O BCE assumiu que, em caso de necessidade, compraria os títulos de dívida soberana desses países no mercado secundário. Foi por causa desta garantia que os chamados “investidores” se sentiram confiantes para comprar mais títulos de dívida, o que conferiu ao leilão de 23 de janeiro o tal sucesso, logo bem explorado pela propaganda do governo.
Mas, afinal, porque se mostrou o BCE tão generoso? Tornou-se de repente amigo dos países em dificuldades?
Tudo para salvar o euro
O endividamento dos estados, empresas e famílias é hoje uma forma privilegiada de acumulação de capital, não só devido ao mecanismo dos juros, mas também à especulação que os grandes do mundo financeiro fazem com os títulos de dívida. Compram títulos aqui, vendem-nos acolá, e com este jogo perpétuo acabam realizando lucros extraordinários.

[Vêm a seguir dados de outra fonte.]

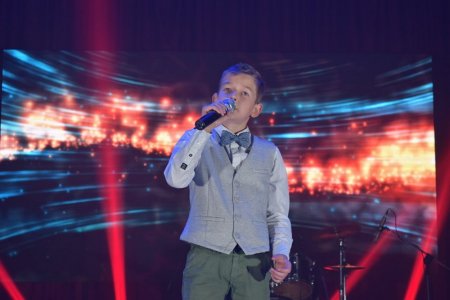 ХІІ ФЕСТИВАЛЬ-КОНКУРС МОЛОДІЖНОЇ МУЗИКИ "ЕДЕЛЬВЕЙС" ВІДБУВСЯ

Ao intervir neste mercado para dar garantias aos compradores de dívida, o BCE teve sobretudo como objetivo assegurar que os títulos de dívida em euros não se depreciariam. Se a confiança dos tais credores caísse abruptamente, então eles iriam desfazer-se das suas carteiras de títulos em euros – provocando uma desvalorização geral do euro – e tenderiam a refugiar-se em moedas mais fortes (dólares, ienes, etc.).
Por isso o BCE tomou medidas para garantir que a confiança no euro não se evapore (o que é um risco real face à cada vez maior dificuldade de os estados pagarem as suas dívidas) e que o euro continue a ser “atrativo” para o capital financeiro.
Foi esse o verdadeiro significado da intervenção do BCE no mercado da dívida, e não um qualquer impulso benemérito dirigido aos países sujeitos à austeridade…
Soberania é quando o povo mais ordena!
Afirmar que o regresso de Portugal aos mercados, ou seja, que a decisão do governo de continuar a endividar-se (mesmo que a juros mais favoráveis) é o mesmo que “recuperar a soberania financeira”, como titulava o DN, não lembra ao diabo… Soberania financeira é no mínimo o poder de emitir e gerir a sua moeda, coisa que o país não faz desde que aderiu ao euro. Soberania é não ter Bruxelas a dirigir a nossa economia, a mandar privatizar, fechar empresas e queimar produtos da terra e do mar, como acontece desde a adesão de Portugal à União Europeia (UE) em 1986. A verdadeira soberania é quando a economia está ao serviço das necessidades do povo, e não dos capitalistas que jogam na bolsa o dinheiro de todos nós.
Soberania é quando o povo mais ordena, e o povo português está farto de ter a vida “ordenada” pelos senhores da UE e do FMI!